Formula 1's director of motorsports Ross Brawn says that he's found a lot to learn from the first two-day Grand Prix weekend at Imola.
Grand Prix races are normally staged over three days, with three hours of practice on Friday followed by a further one hour session and then qualifying on Saturday, with the race itself on Sunday.
But the schedule was compressed for the Emilia Romagna Grand Prix, with no running on Friday and just one 90 minute practice session on Saturday morning, before going straight into qualifying in the afternoon.
It made for a lively practice session, and teams headed into the race lacking the compete set of data they would have expected to gather.
Drivers and teams were broadly in favour of the revised format and it's likely to be used again in 2021 when the season will consist of a record 23 events.
“The two-day format of the weekend worked well," Brawn wrote in his post-race column for the official Formula1.com website.
"We’ll take some interesting learnings from it moving forwards,” he added. “It adds another string to our bow for the future."
F1's return to Imola's Autodromo Enzo e Dino Ferrari for the first time in 14 years had been a special one for a nostalgic Brawn.

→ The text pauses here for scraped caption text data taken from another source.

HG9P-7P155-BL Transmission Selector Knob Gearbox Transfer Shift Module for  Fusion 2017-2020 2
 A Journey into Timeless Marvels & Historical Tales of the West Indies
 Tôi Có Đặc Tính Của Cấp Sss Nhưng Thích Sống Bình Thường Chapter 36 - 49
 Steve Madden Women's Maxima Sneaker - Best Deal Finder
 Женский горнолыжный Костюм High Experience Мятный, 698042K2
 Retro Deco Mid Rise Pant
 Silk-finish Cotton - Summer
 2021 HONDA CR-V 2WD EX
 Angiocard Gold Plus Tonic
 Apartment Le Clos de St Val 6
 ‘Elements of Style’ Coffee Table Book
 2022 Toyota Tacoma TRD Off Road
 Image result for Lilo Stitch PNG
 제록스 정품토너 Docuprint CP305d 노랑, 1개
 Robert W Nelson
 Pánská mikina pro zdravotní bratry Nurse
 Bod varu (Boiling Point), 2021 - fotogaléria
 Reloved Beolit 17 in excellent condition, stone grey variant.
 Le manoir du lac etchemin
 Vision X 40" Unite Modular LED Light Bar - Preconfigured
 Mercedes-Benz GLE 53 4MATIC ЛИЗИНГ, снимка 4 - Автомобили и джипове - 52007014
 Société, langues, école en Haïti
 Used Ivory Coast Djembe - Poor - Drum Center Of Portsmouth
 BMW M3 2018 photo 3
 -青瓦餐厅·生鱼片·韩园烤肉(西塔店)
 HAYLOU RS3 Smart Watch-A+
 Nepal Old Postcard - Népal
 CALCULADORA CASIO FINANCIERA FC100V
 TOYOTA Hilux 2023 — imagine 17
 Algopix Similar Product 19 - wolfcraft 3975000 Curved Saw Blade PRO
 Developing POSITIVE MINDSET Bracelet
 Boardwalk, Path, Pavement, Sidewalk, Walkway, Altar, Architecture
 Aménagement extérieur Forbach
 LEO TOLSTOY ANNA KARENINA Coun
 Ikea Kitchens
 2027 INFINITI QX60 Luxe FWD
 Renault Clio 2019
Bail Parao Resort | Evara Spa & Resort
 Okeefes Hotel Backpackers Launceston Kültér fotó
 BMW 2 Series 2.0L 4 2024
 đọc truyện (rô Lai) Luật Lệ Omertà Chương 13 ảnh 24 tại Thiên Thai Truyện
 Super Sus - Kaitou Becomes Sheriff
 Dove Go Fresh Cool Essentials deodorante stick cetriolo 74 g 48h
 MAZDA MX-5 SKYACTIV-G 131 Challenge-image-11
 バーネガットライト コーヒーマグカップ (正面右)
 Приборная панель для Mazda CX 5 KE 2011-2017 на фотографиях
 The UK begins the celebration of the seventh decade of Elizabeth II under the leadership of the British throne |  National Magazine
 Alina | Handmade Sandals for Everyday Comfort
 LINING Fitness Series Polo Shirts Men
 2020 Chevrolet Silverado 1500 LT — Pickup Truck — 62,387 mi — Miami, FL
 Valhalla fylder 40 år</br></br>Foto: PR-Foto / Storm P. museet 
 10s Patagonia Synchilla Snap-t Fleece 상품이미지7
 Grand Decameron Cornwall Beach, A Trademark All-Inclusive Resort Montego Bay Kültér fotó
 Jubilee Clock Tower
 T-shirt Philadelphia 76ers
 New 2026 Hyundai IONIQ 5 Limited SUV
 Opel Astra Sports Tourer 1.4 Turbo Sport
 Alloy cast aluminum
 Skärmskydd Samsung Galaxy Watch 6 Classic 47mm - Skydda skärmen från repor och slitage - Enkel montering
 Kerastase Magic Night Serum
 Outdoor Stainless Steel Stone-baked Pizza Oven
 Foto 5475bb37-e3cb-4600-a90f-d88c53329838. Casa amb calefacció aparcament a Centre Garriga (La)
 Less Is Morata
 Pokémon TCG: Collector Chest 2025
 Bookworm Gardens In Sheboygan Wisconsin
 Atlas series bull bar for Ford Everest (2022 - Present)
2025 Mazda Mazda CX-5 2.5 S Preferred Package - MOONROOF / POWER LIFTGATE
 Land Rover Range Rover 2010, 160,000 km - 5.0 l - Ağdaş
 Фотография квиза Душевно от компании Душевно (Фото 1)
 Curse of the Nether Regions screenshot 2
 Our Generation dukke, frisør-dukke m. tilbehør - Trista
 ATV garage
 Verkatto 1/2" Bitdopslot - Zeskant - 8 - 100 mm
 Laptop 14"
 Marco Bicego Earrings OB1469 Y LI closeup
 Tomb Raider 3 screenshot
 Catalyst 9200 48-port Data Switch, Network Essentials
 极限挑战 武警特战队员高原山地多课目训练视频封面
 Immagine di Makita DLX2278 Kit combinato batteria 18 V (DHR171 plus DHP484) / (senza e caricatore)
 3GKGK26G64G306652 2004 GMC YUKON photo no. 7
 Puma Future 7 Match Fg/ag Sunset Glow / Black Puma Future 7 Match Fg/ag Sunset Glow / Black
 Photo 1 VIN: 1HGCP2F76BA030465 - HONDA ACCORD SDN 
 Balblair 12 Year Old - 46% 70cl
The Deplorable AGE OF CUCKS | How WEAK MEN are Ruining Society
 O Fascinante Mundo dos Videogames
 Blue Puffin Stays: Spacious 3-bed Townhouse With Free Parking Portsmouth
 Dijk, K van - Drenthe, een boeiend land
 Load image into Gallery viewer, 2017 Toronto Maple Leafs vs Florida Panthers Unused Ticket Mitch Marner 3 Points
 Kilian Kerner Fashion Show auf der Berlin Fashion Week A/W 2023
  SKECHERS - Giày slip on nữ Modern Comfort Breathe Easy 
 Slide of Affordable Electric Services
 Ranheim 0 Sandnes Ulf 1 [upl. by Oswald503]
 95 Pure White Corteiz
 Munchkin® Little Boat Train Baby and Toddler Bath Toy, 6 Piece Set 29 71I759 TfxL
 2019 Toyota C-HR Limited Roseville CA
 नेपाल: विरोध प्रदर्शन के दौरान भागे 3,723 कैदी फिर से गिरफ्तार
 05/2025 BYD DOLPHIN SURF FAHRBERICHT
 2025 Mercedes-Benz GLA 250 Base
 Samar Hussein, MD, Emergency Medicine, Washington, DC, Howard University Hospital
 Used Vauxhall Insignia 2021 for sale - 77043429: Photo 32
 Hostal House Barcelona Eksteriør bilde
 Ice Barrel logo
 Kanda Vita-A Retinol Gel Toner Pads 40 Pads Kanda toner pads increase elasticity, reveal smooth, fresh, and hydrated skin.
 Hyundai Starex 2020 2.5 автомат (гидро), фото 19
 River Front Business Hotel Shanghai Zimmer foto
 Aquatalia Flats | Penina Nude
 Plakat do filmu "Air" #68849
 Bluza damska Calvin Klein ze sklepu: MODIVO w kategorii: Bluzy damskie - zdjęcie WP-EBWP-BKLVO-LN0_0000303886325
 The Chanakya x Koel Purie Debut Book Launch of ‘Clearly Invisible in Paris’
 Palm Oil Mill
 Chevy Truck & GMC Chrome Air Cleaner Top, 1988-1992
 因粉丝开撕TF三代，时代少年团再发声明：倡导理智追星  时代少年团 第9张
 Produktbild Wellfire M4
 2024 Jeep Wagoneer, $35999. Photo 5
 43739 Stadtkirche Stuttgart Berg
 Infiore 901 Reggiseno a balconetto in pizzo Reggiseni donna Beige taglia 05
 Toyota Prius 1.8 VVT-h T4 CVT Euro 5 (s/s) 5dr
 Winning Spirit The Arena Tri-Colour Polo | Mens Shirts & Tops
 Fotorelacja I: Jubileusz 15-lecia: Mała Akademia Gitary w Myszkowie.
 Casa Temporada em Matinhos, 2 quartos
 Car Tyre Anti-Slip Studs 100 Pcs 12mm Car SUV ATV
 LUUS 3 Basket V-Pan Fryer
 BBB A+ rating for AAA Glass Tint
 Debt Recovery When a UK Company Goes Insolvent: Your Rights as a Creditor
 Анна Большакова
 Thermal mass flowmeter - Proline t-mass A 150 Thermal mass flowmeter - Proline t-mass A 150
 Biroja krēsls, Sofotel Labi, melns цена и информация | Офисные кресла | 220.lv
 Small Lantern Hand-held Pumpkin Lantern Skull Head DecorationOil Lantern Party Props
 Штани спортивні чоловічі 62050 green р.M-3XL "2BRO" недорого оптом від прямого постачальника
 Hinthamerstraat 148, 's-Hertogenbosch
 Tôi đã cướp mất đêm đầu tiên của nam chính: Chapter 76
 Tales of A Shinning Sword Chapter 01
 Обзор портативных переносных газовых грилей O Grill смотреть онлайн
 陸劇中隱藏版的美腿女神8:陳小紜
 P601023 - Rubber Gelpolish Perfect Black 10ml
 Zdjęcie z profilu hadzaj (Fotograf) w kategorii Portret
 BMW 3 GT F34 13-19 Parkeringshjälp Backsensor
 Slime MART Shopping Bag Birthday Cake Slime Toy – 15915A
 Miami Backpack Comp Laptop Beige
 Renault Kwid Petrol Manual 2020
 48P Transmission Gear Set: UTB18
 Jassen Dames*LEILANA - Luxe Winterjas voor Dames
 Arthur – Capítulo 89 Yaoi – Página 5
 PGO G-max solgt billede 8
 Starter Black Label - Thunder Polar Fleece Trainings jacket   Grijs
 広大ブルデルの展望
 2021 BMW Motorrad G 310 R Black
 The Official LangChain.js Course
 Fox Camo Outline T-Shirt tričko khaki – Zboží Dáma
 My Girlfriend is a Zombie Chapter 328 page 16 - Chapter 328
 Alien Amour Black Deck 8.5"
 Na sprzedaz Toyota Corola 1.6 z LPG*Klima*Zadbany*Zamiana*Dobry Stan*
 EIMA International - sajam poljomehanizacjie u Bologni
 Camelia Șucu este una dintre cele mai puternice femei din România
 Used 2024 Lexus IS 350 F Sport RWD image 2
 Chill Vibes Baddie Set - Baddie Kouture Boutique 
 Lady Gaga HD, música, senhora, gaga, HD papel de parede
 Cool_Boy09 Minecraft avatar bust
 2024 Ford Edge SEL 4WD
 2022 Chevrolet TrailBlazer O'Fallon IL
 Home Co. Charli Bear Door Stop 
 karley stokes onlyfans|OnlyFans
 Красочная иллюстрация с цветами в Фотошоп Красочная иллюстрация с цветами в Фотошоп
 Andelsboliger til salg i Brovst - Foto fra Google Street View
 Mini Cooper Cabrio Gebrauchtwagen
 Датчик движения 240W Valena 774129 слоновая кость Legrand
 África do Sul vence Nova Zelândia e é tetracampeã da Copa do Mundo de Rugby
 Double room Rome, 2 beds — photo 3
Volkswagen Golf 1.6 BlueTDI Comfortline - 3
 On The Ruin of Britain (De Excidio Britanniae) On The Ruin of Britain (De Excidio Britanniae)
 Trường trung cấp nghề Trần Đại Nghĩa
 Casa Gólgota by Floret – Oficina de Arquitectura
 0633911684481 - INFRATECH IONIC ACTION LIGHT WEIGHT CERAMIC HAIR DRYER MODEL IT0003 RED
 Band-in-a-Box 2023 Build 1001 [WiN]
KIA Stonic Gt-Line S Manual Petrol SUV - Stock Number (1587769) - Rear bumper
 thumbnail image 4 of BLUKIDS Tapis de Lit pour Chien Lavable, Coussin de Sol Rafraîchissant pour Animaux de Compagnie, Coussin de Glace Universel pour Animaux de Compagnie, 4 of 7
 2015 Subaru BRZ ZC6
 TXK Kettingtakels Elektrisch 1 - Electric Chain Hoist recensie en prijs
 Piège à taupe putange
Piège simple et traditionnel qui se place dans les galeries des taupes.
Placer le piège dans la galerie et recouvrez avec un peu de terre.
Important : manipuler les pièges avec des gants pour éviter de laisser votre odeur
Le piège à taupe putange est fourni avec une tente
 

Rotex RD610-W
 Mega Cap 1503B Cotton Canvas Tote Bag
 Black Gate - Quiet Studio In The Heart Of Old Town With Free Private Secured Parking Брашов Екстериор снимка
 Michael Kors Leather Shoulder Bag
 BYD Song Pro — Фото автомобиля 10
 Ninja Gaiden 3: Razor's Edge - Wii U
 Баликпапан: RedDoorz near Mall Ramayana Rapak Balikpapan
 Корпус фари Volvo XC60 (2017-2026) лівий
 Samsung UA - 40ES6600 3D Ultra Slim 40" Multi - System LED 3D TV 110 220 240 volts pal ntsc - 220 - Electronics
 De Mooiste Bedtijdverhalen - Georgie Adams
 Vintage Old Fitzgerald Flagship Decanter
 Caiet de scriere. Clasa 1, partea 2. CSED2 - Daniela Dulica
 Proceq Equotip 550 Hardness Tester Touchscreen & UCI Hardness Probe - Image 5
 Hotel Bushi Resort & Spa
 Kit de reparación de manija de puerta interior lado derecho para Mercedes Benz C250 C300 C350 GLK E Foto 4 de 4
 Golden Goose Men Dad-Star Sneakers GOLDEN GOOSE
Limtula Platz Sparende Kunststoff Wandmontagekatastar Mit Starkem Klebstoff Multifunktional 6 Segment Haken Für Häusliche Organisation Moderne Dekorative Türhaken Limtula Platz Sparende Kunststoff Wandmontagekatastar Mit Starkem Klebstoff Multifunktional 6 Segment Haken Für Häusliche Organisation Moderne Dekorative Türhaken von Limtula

“The Emilia Romagna Grand Prix was a terrific race at a very historic venue which brought back a lot of personal memories,” he said.
“We’ve been to a few classic but new-for-2020 tracks this year and they’ve all demonstrated how the layout of the track can inspire great racing," he continued.
"That’s why we want to be involved in the design and planning of any new tracks that come along, using the lessons learnt.
"We believe any new track should be an opportunity to create something special," he said. “With the organisation Formula 1 and the FIA have built now, I believe we can deliver that.
"It also applies to the type of cars we have. We are constantly working hard on making sure the cars of the future can deliver great racing.”
Last week's race had been a late addition to the calendar in response to the problems posed by the coronavirus which has kept F1 in Europe and Russia.
"Europe and the world is facing challenging times at the moment with the COVID-19 pandemic," Brawn admitted, "I hope in a very small way, Formula 1 can give our fans a little escape for a few hours.
“Congratulations to the promoters for putting on such a well-organised event in a very short space of time."